Sunday 28 February 2021

Why Martin's Model Of Register And Genre Is Theoretically Invalid

Martin & Rose (2007: 308, 309):
Register analysis then gives us another way of thinking about context, alongside genre. The main difference is that register analysis is metafunctionally organised into field, tenor and mode perspectives whereas genre analysis is not. For us the relationship between the register and genre perspectives is treated as an interstratal one, with register realising genre (as in Figure 9.2). The relationship between register and genre in other words is treated as similar to that between language and context, and among levels of language (as outlined in Chapter 1).

 

Blogger Comments:

[1] To be clear, Martin & Rose model culture as varieties of language, genre and register, and do not model these varieties of language as language. This latter is analogous to not construing types of fruit as fruit.

Moreover, modelling varieties as stratal systems sets up a theoretical inconsistency with other strata, including their own discourse semantics, because other strata are not varieties, but full systems.

In SFL Theory, these varieties of language, text type (genre) and register, are the same phenomenon viewed from opposite poles of the cline of instantiation: text type (genre) is the view of register from the instance pole, whereas register is the view of text type (genre) from the system pole.

[2] To be clear, in SFL Theory, field, tenor and mode are the metafunctional system of context, which the authors' have misconstrued as register, a functional variety of language. In SFL Theory, different configurations of these contextual features are realised by different registers of language.

[3] To be clear, the fact that the authors' model of genre is not 'metafunctionally' organised is yet another dimension of theoretical inconsistency, since, not only are all other strata 'metafunctionally organised', but the metafunctions are a central tenet of SFL Theory.

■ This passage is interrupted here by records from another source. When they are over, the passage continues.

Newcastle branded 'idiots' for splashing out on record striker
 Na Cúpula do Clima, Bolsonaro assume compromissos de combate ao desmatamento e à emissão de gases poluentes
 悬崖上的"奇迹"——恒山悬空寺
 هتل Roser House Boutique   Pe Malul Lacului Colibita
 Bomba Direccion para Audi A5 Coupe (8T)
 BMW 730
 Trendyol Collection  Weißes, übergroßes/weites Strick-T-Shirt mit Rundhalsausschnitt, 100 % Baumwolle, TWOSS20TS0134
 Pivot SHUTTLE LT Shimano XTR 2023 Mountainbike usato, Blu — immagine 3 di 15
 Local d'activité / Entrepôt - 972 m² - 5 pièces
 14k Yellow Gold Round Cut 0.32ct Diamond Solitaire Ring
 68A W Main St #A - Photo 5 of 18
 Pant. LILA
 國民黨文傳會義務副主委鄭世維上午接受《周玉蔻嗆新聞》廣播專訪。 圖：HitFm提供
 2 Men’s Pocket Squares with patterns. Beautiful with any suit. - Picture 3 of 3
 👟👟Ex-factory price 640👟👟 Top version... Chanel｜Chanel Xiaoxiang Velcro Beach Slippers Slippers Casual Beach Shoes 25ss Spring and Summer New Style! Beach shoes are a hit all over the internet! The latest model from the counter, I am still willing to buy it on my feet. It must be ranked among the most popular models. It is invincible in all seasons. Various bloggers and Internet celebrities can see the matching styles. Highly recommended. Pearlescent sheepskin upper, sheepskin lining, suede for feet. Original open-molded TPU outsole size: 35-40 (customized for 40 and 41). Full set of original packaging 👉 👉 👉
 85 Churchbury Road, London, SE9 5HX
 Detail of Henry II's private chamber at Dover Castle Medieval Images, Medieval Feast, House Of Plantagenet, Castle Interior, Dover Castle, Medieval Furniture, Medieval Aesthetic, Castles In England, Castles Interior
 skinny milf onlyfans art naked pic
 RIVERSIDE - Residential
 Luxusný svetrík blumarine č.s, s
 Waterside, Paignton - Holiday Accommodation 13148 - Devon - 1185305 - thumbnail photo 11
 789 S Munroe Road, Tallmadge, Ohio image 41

As previous posts have demonstrated, from the perspective of SFL Theory, the authors' notion of genre is a confusion of different dimensions of the theory. For example,

  • their 'genre' is text type, which is register viewed from the instance pole of the cline of instantiation;
  • their 'generic purpose' is a culture stratum system, language rôle, within  the textual system of mode;
  • their 'generic stages' are semantic stratum units, oriented to mode.
On this basis, it might be said that the authors' genre is at least partially 'metafunctionally organised', if inadvertently, though on strata other than genre.

[4] To be clear, from the perspective of SFL Theory, Martin & Rose misconstrue two perspectives on the same point of variation on the cline of instantiation of language, register and genre (text type), as two different levels of symbolic abstraction, strata, that are more abstract than language.

Moreover, as previously demonstrated, because Martin & Rose confuse their register system of tenor with social structure, they model genre (e.g. narrative) as realised by social structure.